Steps for Applying For a USDA Home Loan
The US Department of Agriculture provides people who are wishing to buy a property in the countryside. Under the Rural Development Program of the Department, low or moderate income earners can apply for a mortgage without having to make a down payment and with a competitive interest rate. The aim is to lessen the financial burden on borrowers. The program comes with blockchain certain restrictions on eligibility and qualifications (Click here to read).
How The Loan Works
USDA home loans are available as different programs depending on the borrower. Examples of programs include:
Single Housing Family Loan. This program connects eligible borrowers with a mortgage loan through a USDA-approved lender. This type of loan comes with low interest rate with zero down payment. However, in order to use the no down payment option, you need to pay for mortgage insurance (Click here to read).
Direct Loan. From the name itself, these loans are issued directly by the USDA. The income threshold will depend on the region. It comes with subsidies and the interest rate is as low as 1%.
Home Improvement Grants and loans. These loans are granted to homeowners requiring financial assistance for upgrading or repairing their homes. It can combine grants and loans up to $27,500.
Applying For the Program
The easiest way to apply for a USDA home loan is through an approved lender for the program.
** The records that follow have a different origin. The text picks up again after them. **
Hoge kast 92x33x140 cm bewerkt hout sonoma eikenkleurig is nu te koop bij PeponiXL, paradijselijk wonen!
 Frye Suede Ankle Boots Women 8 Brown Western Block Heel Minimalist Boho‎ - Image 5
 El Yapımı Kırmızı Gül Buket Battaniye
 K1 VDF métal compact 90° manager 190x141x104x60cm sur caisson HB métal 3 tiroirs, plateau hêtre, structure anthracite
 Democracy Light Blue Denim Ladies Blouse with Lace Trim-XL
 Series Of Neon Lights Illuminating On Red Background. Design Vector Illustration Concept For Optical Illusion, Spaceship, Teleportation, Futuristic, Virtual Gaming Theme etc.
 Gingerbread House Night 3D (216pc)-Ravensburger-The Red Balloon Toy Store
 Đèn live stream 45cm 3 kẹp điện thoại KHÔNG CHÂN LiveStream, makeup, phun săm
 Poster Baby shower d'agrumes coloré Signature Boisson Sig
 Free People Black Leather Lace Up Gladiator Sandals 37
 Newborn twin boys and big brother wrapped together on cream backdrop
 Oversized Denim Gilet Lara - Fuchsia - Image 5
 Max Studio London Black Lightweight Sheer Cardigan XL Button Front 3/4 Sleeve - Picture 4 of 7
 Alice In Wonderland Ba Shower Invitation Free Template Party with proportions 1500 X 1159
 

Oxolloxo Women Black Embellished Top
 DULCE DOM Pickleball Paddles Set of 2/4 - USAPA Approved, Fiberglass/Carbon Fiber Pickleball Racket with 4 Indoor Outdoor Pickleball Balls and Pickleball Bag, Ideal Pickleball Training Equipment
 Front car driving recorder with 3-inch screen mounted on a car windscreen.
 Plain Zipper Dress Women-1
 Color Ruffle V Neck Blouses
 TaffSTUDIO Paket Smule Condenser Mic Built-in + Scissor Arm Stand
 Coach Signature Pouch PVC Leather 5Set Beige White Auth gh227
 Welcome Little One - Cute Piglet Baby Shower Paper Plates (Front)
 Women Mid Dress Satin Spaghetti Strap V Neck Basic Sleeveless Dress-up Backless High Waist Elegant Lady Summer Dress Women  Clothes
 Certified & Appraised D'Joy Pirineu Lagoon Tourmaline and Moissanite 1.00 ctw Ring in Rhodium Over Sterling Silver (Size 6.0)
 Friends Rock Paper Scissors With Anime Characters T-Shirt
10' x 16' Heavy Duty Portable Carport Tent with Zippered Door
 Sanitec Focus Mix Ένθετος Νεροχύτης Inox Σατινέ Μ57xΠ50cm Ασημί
These lenders will ensure that all the paperwork are taken cared of. They will work with you from the start to the finish of the process. Here are the steps on how you can apply for the program.
Select a loan program. Buyers can avail of two loan options. If your income is less than 115 percent of the median income in your area, you might be eligible for a Guaranteed Housing Loan. You can apply for a Section 502 loan to purchase a home in your area. To qualify for the loan, the home should be your primary residence.
Meet income requirements. The income requirement is divided into very low, low, and moderate. The USDA publishes current income restrictions for each program. Very low income is defined as being below 50 percent to the area median income or AMI. Low income is between 50 and 80 percent of the AMI.
Maintain decent credit. As far as credit is concerned, the US Department of Agriculture offers some flexibility. However, they might still review your credit history. Reasons you might be disapproved for loan include foreclosure or bankruptcy in the last 3 years, judgment in the past year, outstanding tax liens, or outstanding collection accounts.
Maintain a low debt-to-income ratio. Debt to income ratio is the percentage of income that goes towards bills payments. To qualify, you should have a 29 percent ratio for housing costs and 41 percent for total debt. There are cases when a lender can request for exception to allow a higher ratio.